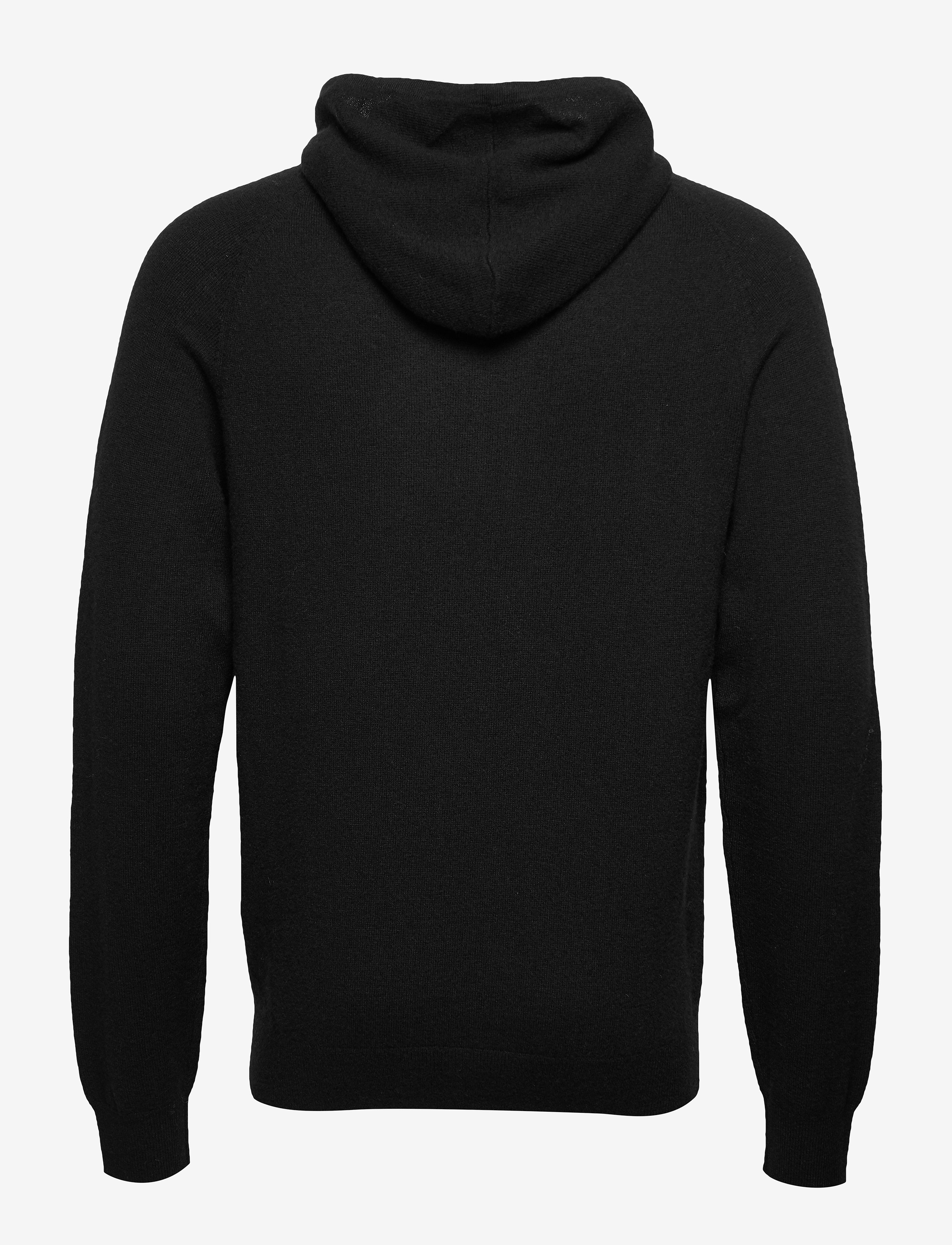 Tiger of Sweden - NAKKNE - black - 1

....................

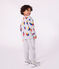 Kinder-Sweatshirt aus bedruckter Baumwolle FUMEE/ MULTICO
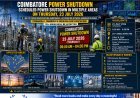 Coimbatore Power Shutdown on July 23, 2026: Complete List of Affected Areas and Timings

....................

Leaving out all pictures, set down exactly the lines of the material above, from the line with "Kinder-Sweatshirt aus bedruckter" to the line with "Coimbatore Power Shutdown" inclusive, and no others.

:: Solution for this problem ::
 Kinder-Sweatshirt aus bedruckter Baumwolle FUMEE/ MULTICO
 Coimbatore Power Shutdown on July 23, 2026: Complete List of Affected Areas and Timings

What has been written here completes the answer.